An exact copy of all the data, minus the images, is required.

***** STORED DATA *****

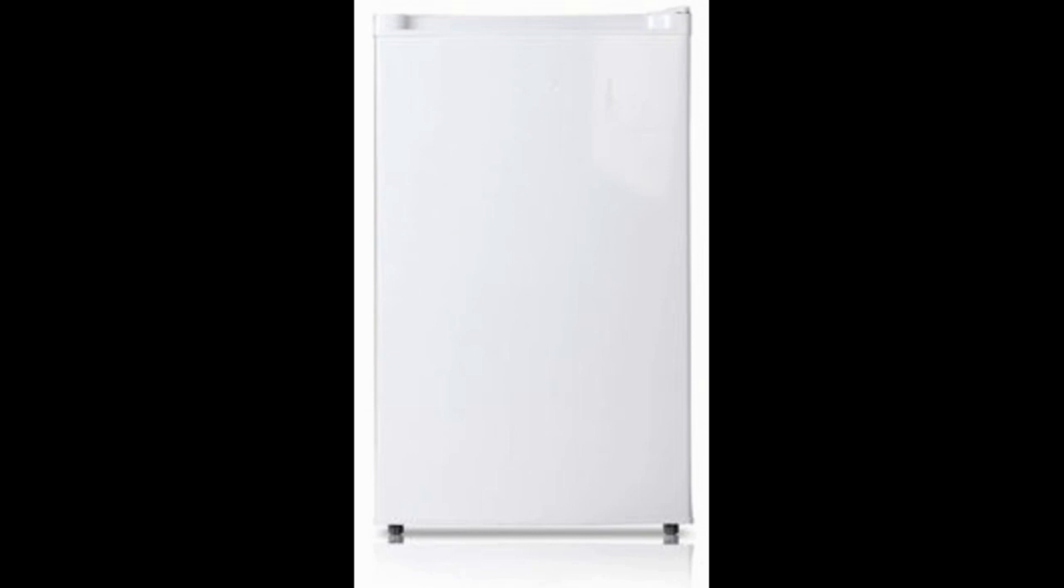Media Compact Single Reversible Door Upright Freezer. The manufacturer of this product, Media, is an internationally acclaimed and recognized brand that's been manufacturing high quality appliances for over 50 years.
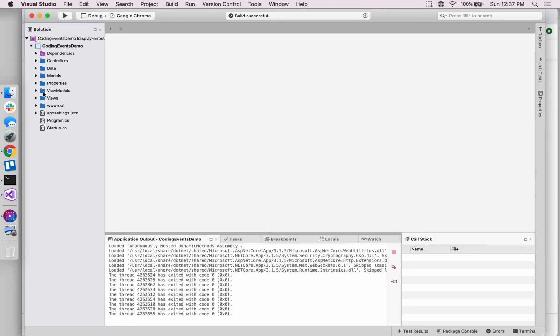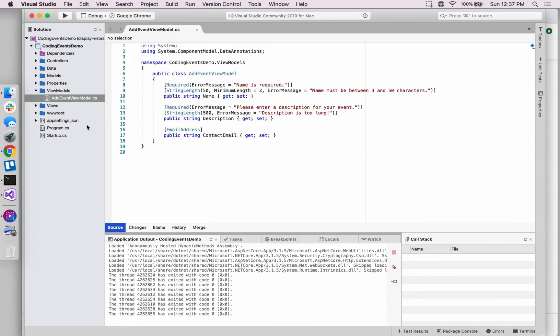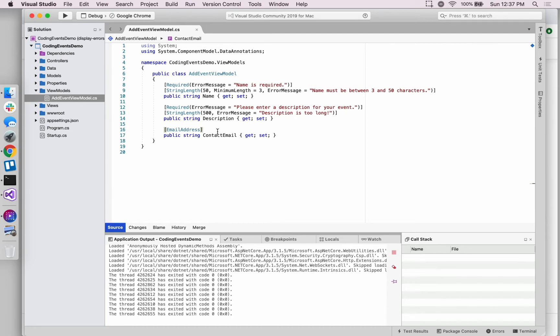So a summary of what we've done in the last couple of videos. We created this view model, and then to start the validation process we added these validation attributes onto the view model properties to put in place some restrictions on what our application considers valid data.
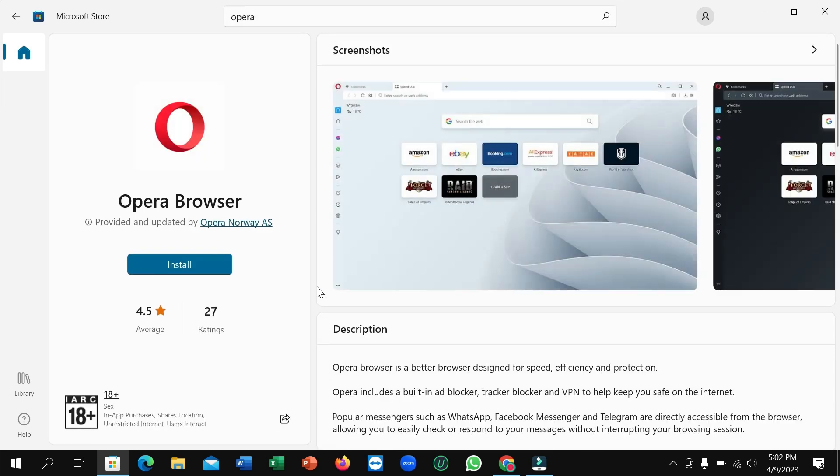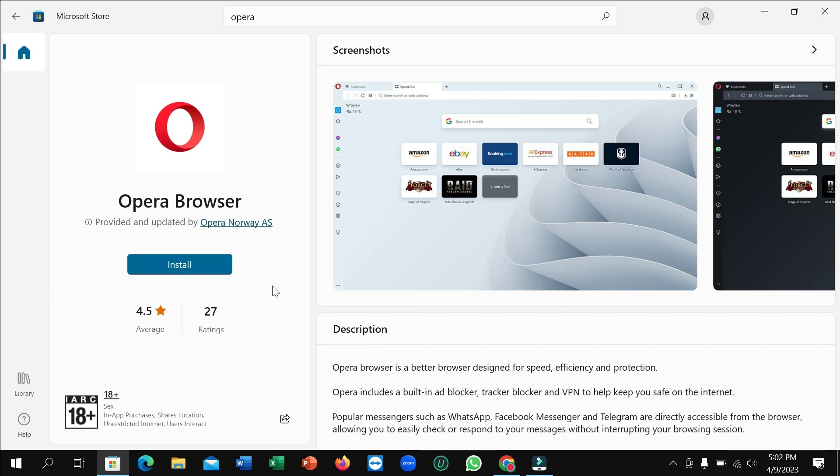After opening this, on the left side you can see there is an option to install. Simply click on this install button and then it will automatically download and install to your laptop or PC.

*****

YOUR SOLUTION —
Media Compact Single Reversible Door Upright Freezer. The manufacturer of this product, Media, is an internationally acclaimed and recognized brand that's been manufacturing high quality appliances for over 50 years.
So a summary of what we've done in the last couple of videos. We created this view model, and then to start the validation process we added these validation attributes onto the view model properties to put in place some restrictions on what our application considers valid data.
After opening this, on the left side you can see there is an option to install. Simply click on this install button and then it will automatically download and install to your laptop or PC.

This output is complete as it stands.